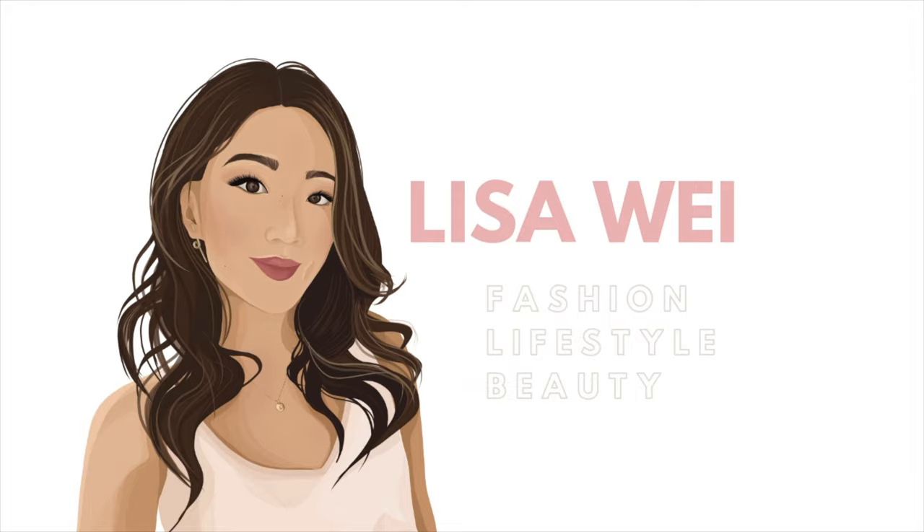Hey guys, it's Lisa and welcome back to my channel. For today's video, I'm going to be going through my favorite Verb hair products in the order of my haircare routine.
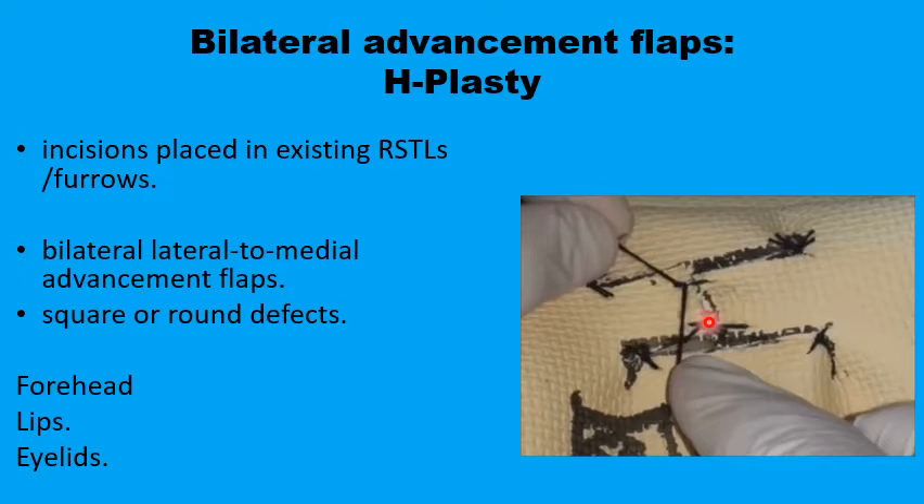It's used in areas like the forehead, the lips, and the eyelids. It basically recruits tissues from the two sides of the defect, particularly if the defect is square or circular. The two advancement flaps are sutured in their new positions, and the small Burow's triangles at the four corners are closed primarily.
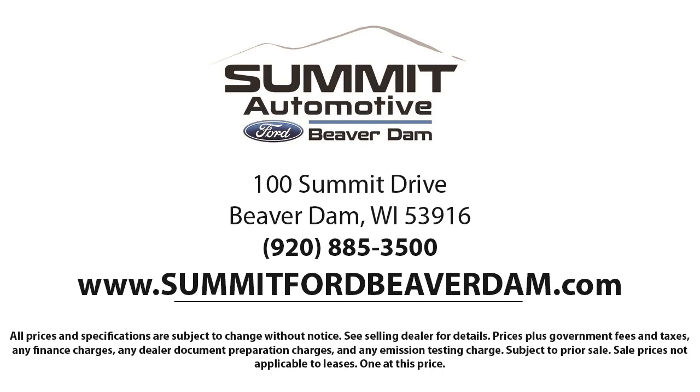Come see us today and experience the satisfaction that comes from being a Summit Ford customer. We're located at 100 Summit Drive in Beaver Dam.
* * *
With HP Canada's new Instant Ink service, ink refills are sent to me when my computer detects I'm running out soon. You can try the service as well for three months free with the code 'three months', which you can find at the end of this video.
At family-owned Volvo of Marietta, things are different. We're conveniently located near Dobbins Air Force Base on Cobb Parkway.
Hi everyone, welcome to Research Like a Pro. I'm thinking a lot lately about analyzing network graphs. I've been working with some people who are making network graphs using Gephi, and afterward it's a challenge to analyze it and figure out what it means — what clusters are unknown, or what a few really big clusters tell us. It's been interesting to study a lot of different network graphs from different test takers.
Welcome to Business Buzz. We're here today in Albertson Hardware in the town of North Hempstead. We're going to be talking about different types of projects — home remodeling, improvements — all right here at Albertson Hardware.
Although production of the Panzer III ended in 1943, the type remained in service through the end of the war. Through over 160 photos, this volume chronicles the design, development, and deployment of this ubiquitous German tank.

● ASSIGNMENT
Among the entries above, locate the line with "Hey guys, it's" and the line with "Come see us". Give those two lines and all lines between them again, exactly, leaving out the pictures.

● SOLUTION FOR THIS EXERCISE
Hey guys, it's Lisa and welcome back to my channel. For today's video, I'm going to be going through my favorite Verb hair products in the order of my haircare routine.
It's used in areas like the forehead, the lips, and the eyelids. It basically recruits tissues from the two sides of the defect, particularly if the defect is square or circular. The two advancement flaps are sutured in their new positions, and the small Burow's triangles at the four corners are closed primarily.
Come see us today and experience the satisfaction that comes from being a Summit Ford customer. We're located at 100 Summit Drive in Beaver Dam.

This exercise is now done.